From News to Post-News
View this link:
http://www.nytimes.com/2009/03/12/business/media/12papers.html
From the New York Times:
At least Denver, Seattle and Tucson still have daily papers. But now, some economists and newspaper executives say it is only a matter of time — and probably not much time at that — before some major American city is left with no prominent local newspaper at all.
One of the strange and perverse outcomes of the financial crisis is that it seems to have brought about a world-historical paradox apropos news coverage. In older times, people generally had quick access to news coverage regarding whatever was going on in their local community, while national and international news sometimes took months to arrive.

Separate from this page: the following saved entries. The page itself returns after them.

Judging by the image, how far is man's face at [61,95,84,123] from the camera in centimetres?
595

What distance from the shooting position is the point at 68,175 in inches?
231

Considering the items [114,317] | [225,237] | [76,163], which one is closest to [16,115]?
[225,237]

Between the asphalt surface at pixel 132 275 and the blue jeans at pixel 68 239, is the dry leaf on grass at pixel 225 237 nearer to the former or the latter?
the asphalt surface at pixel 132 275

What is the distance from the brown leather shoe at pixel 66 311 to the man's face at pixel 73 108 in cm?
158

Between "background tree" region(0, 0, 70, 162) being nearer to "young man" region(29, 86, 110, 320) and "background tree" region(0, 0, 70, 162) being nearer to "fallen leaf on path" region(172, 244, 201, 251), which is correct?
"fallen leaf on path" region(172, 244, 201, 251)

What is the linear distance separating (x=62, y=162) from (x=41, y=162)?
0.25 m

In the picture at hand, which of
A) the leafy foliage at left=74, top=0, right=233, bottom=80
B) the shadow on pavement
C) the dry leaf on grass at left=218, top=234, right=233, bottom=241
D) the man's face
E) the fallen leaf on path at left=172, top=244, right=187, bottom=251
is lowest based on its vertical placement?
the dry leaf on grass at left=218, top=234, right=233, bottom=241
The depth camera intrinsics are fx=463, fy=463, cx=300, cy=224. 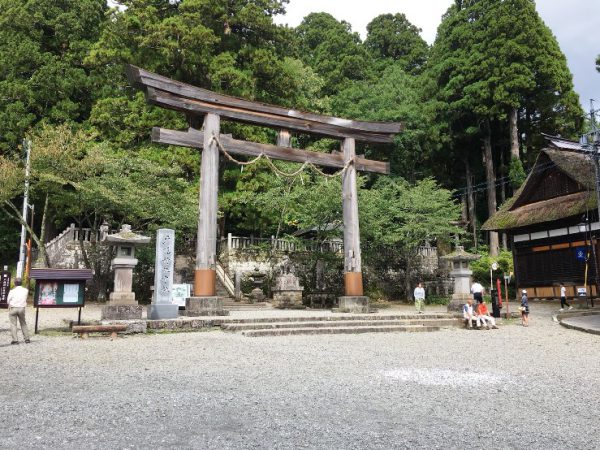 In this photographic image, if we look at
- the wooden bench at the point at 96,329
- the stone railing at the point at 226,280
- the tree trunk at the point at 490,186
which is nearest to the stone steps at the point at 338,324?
the wooden bench at the point at 96,329

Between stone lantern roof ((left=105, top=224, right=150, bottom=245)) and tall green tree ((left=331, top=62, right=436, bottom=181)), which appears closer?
stone lantern roof ((left=105, top=224, right=150, bottom=245))

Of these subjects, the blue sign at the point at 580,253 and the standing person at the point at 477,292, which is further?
the blue sign at the point at 580,253

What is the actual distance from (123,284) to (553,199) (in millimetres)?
19321

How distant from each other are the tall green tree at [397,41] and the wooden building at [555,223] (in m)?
17.0

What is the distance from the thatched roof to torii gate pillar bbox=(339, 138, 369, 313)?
10177 millimetres

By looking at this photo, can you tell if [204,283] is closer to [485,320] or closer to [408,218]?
[485,320]

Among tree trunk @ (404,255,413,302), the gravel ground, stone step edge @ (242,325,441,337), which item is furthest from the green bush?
the gravel ground

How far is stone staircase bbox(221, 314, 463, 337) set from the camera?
1092 centimetres

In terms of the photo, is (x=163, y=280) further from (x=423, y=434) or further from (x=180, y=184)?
(x=423, y=434)

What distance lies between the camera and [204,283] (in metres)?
12.7

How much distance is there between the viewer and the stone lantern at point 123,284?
11195 mm

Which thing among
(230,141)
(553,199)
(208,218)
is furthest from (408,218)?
(208,218)

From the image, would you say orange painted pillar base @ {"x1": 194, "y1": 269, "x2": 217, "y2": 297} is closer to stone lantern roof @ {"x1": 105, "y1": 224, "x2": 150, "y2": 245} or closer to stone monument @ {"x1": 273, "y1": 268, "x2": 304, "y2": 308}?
stone lantern roof @ {"x1": 105, "y1": 224, "x2": 150, "y2": 245}

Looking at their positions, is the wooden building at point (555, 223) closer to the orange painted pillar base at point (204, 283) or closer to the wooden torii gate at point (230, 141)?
the wooden torii gate at point (230, 141) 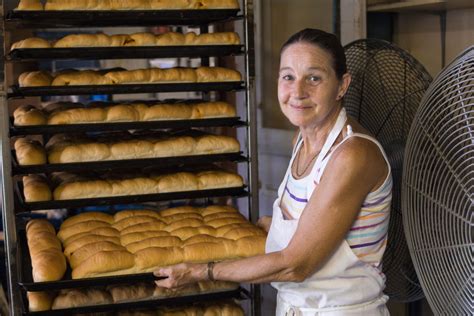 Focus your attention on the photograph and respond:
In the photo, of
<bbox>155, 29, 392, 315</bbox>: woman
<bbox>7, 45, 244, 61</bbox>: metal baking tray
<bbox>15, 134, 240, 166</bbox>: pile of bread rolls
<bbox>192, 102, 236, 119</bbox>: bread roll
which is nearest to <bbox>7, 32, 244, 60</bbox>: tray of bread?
<bbox>7, 45, 244, 61</bbox>: metal baking tray

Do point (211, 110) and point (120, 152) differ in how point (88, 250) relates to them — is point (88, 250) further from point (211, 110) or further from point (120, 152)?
point (211, 110)

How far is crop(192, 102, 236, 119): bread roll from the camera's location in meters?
Answer: 2.72

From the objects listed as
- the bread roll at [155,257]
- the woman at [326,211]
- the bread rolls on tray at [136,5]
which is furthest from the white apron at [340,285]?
the bread rolls on tray at [136,5]

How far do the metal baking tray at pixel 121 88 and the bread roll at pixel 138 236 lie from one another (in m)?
0.54

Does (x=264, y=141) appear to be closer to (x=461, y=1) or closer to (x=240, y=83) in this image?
(x=240, y=83)

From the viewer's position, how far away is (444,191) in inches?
79.0

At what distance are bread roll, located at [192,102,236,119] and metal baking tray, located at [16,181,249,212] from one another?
307 mm

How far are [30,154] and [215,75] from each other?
79 centimetres

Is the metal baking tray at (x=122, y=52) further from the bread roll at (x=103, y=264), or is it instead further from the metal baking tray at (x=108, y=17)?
the bread roll at (x=103, y=264)

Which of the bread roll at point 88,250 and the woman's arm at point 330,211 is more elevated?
the woman's arm at point 330,211

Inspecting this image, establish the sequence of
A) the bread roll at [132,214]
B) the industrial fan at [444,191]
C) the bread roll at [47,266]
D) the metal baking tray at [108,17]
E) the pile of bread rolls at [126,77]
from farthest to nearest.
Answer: the bread roll at [132,214], the pile of bread rolls at [126,77], the metal baking tray at [108,17], the bread roll at [47,266], the industrial fan at [444,191]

Effectively, under late capitalism, we’re confronted with the possibility that something like the opposite will occur: our access to local news will be drastically diminished, while our access to international news will be rapid and up-to-the-second. One can’t help but draw a parallel between our consumption of news, now of course mass-produced and standardized by groups like the AP, and our consumption of fast food—the monstrous appearance of “McNews” sold and resold, packaged and repackaged to various third party networks, i.e., profit-maximizing mass media corporations, for whom independent journalism is costly, labor-intensive, inefficient, and, of course, ideologically suspect. This appears to be the disavowed truth of today’s “cosmopolitanism.”
One could go further and identify both trends as examples of Time-Space compression under postmodern late capitalism, a la David Harvey’s thesis in The Condition of Postmodernity.